Press Release: Feel free to contact sales at exceptionlab.com to answer any questions. Higher resolution photos can be copied from this page: ::hi res photos (note that it is a very simple page with a bunch of large images that you can copy).

For immediate release.

World’s most famous paper coffee cup replicated in ceramic for home and restaurant use.

Graham Hill, along with millions of other New Yorkers, has always loved the everyday design of a particular blue paper takeout cup available at delis all over the city. The “Anthora”, designed in 1963, features Greek motifs and two shields on which are written “WE ARE HAPPY TO SERVE YOU”. Hundred of thousands of these cups feed the caffeine addictions of New Yorkers every year. The sheer number of them coupled with their forty-year history has given the cup icon status along with yellow taxis and the Statue of Liberty.

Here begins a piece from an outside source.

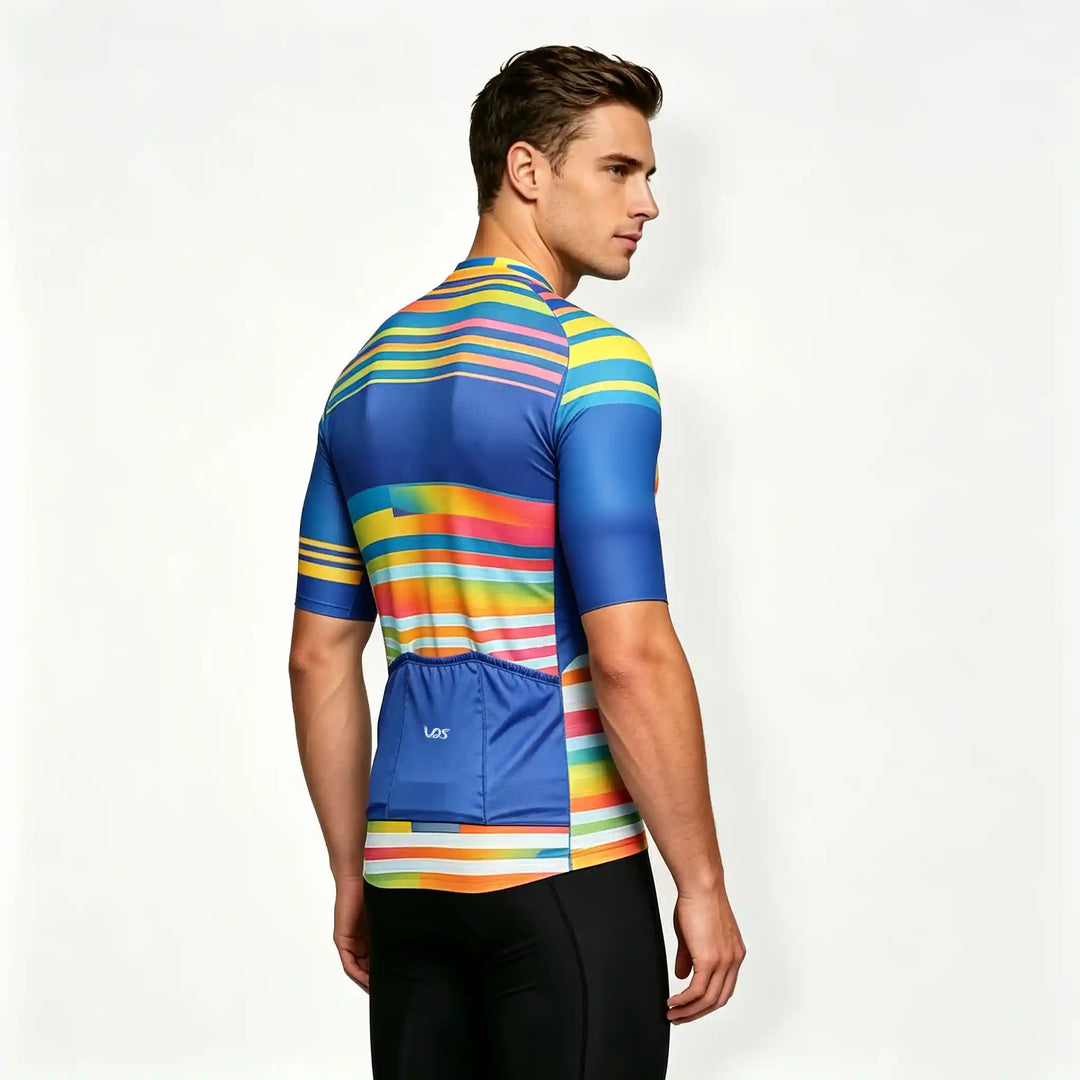 Ice Wave Cycling Jersey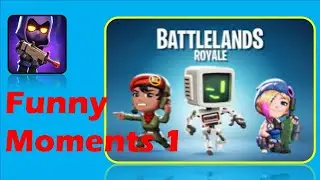 Battlelands Royale - Funny Moments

Intrigued with how one might memorialize the most ephemeral of the New York icons, Hill contacted Sweetheart Cup Company Inc. and negotiated an exclusive licensing agreement. After a year producing the cups in Peru, he moved the production to Thailand, and then China, where he found a high quality, ethical manufacturer. They helped Hill develop prototypes that looked incredibly similar to the paper cups. So similar in fact, that when placed among other ceramic prototypes during a ceramics focus group, the participants didn’t even evaluate them. They simply thought someone had left their coffee cups on the table.

Graham’s cups join others in a recent trend in rendering disposables into permanent, useful objects. Artist/Designers such as Lorena Barrezueta, Olivia Shao, Miri Mizrahi, Rob Brandt and others have created ceramic and glass pieces imitating the form of Styrofoam, Tupperware and even plastic drinking bottles.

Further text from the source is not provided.